Personal information
- Date of birth: 9 March 1983 (age 43)
- Place of birth: Leverkusen, West Germany
- Height: 1.74 m (5 ft 8+1⁄2 in)
- Position: Midfielder

Youth career
- 1989–2001: Bayer 04 Leverkusen

Senior career*
- Years: Team / Apps / (Gls)
- 2001–2004: Bayer 04 Leverkusen / 14 / (0)
- 2004–2006: Karlsruher SC / 47 / (9)
- 2006–2008: Arminia Bielefeld / 46 / (2)
- 2008: 1. FC Nürnberg / 9 / (0)
- 2008–2010: Apollon Limassol / 15 / (4)
- 2010: Anorthosis Famagusta / 6 / (0)
- 2010–2011: Ethnikos Piraeus / 6 / (0)
- 2011: SV Wehen Wiesbaden / 10 / (0)
- 2011–2012: K.A.S. Eupen / 29 / (14)
- 2012–2014: Visé / 38 / (11)
- 2014–: VfL Wolfsburg II / 8 / (0)

= Ioannis Masmanidis =

Greek-German footballer (born 1983)

Ioannis Masmanidis (Γιάννης Μασμανίδης, born 9 March 1983) is a Greek-German retired footballer.

== Club career ==
He moved to Arminia Bielefeld during the winter transfer period 2005–06 from Karlsruher SC. He usually plays on the left side of attack or midfield. He also played for the German U-21 national team.

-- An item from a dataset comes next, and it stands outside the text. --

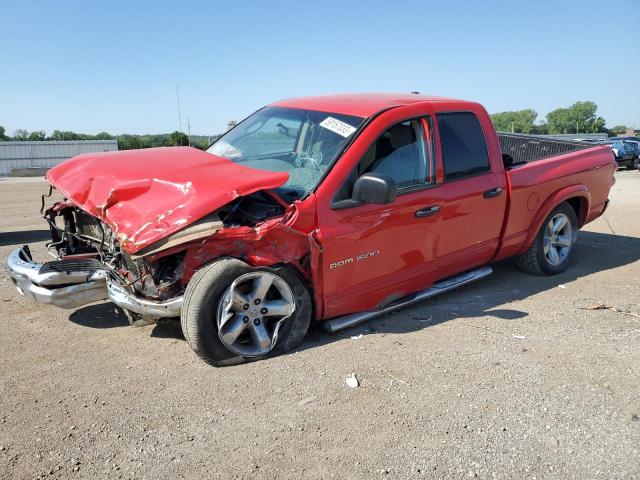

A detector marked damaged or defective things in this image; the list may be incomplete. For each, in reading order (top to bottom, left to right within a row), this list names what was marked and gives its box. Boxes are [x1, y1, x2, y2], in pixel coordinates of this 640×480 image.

crumpled hood [48, 147, 288, 255]
torn bumper cover [6, 246, 182, 316]
damaged front bumper [6, 246, 182, 316]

In July 2008, he moved to 1. FC Nürnberg, after six months he left the club and moved to Apollon Limassol on 6 January 2009. He left Apollon Limassol in summer 2010 and signed for Greek side Ethnikos Piraeus F.C. Masmanidis played in the first half of the 2010–11 season six games in the Beta Ethniki for Ethnikos and returned in January 2011 to his homeland Germany when he signed for SV Wehen Wiesbaden.

In the summer of 2011, he joined Belgian Second Division side K.A.S. Eupen on a free transfer. After a year he moved on to fellow leaguer Visé, where he stayed another two years.

In August 2014, he returned to Germany and signed for VfL Wolfsburg II of fourth tier Regionalliga Nord on a one-year deal.

== National team ==
He represented the German under-20 team at the 2003 FIFA World Youth Championship and the under-21 team at European under-21 championship 2006.